By Katie Martin
Despite having worked on nine district reconfiguration options, the Harwood Unified Union School District (HUUSD) Board reversed course at its April 10 meeting and decided to pause asset management work, further delaying action on district redesign.
At its April 10 meeting, the HUUSD Board decided to put the asset management and executive facilities committee work on hold as the board will do pre-K through grade 12 planning and bond preparation as a full board.
Board chair Caitlin Hollister said via email that the board may task subcommittees with minimal work, but going forward a collective approach will allow the board to work more efficiently and productively.
“We recognized that our board often works best when our most complicated tasks are addressed with the entire board. For example, our merged board has always approached budget work at the full board level, not with committees. That way we all receive the same information at the same time and each board member has equal access to see the reports, ask questions of our district leaders and work together to determine next steps. This also allows members of the public better access – our full board meetings being at predictable times and locations with dedicated time for public comment,” said Hollister.
NINE CONFIGURATIONS
At its last meeting on April 3, the asset management committee (AMC), a subcommittee of the HUUSD Board, viewed nine different school configuration models to be cost out based on a set of metrics. Those nine configuration options include one to two middle schools and three to five elementary schools.
Option 1 has no change from the current configuration of two middle schools and five elementary schools. Option 2 has one middle school and five primary schools. Option 3a has two middle schools and four primary schools, turning Waitsfield Elementary into a Valley middle school with grades six to eight. Option 3b has two middle schools and four primary schools with Waitsfield becoming a Valley middle school for grades five to eight. Option 4 shows two middle schools and three primary schools, eliminating Waitsfield and Fayston elementary schools with Waitsfield becoming a middle school. Option 5 shows one middle school at CBMS and four primary schools excluding Fayston elementary.
Option 6a has one middle school at CBMS and three primary schools, excluding Moretown and Fayston elementary schools. Option 6b has one middle school at CBMS and excludes Waitsfield and Fayston primary schools. Option 7 has one middle school at CBMS with sixth through eighth grades, with Waitsfield and Thatcher Brook Primary School being the only elementary schools and Fayston, Moretown and Warren elementary schools closed. Option 8 has one middle school at CBMS and does not specify an elementary school configuration. Option 9 focuses on pre-K and after-school care dedicated at the Moretown building. Next the committee decided they hope to present at an April meeting to the entire board and get to a point where they could involve the architects again.
Metrics to be considered included construction/renovation costs, operational cost impact, impact to staffing, travel impact, community perspective, administration perspective, tax rate impact, enrollment per building and debt service impact. The next step procedurally was to review options and come up with questions for each option before going back to the administrative team, which can list why options work or don’t.

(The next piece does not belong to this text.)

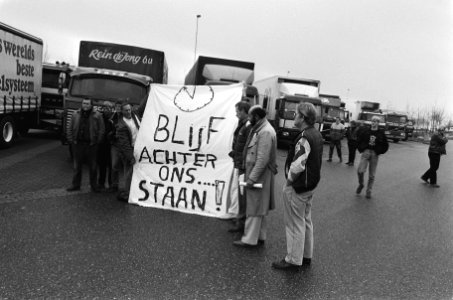 Landelijke acties van vrachtwagenchauffeurs om hun CAO-onderhandelingen kracht b, Bestanddeelnr 933-5083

According to Hollister, the board does not have plans for those configurations to be presented to the full board yet. On May 15, board members expect to hear from Michelle Baker, district director of finance and operations, about what level service projections would look like, meaning what the expenses and tax rate would be in the next five to 10 years if the district stays with the same configuration of buildings and programming.
The AMC and Executive Facilities Committee (EFC) have each met separately in the last two weeks to go over a district outline. The EFC met on Wednesday, March 27, at Crossett Brook Middle School (CBMS) to tour the facility and classrooms.

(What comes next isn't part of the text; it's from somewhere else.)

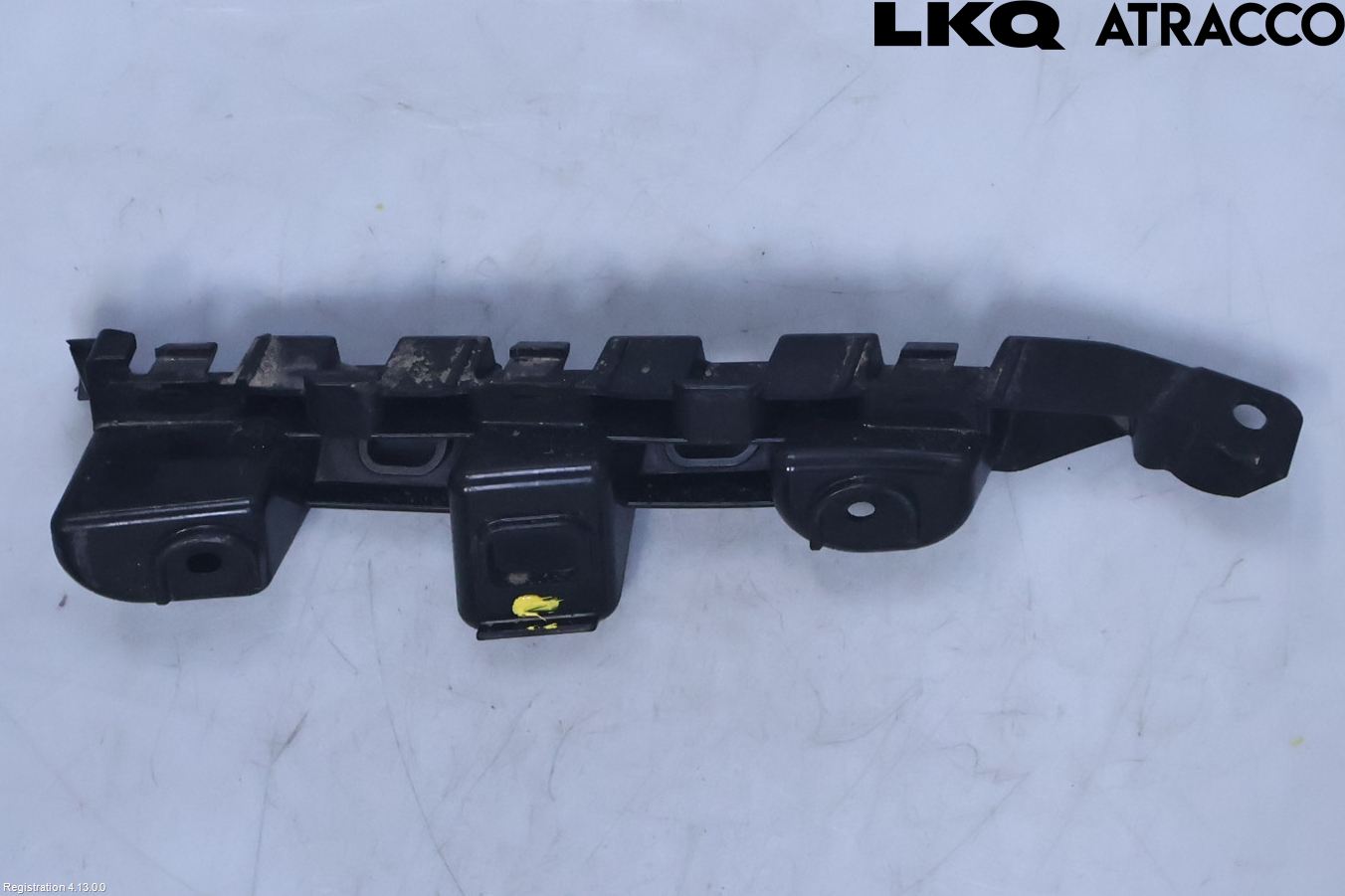 Volkswagen VW PASSAT 11-14 Stötfångarfäste Fram Hö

Committee members discussed how they would like to proceed with the middle school options. After touring the CBMS facility and classrooms, Waterbury representative James Grace mentioned that he had devised a working spreadsheet with nine school configurations for the district.
At that meeting, community input included costing out turning a current Valley elementary school into a dedicated Valley middle school. Daigle said that it would be impossible to turn an elementary school in The Valley into a dedicated middle school for multiple reasons.
AMC committee chair Christine Sullivan replied via email on the next steps for the committees: “At our April 10 asset management committee meeting, the consensus was that the full board should spend additional time in upcoming agendas on the work that our group had started. Essentially, this is long-term budgeting so really the work of the full board. The next steps have been laid out in the draft timeline the board reviewed on April 10 and will be considering for adoption on April 24. We did report out with a challenges/opportunities document, which was a more detailed list compiled from the worksheets the board completed on March 27.”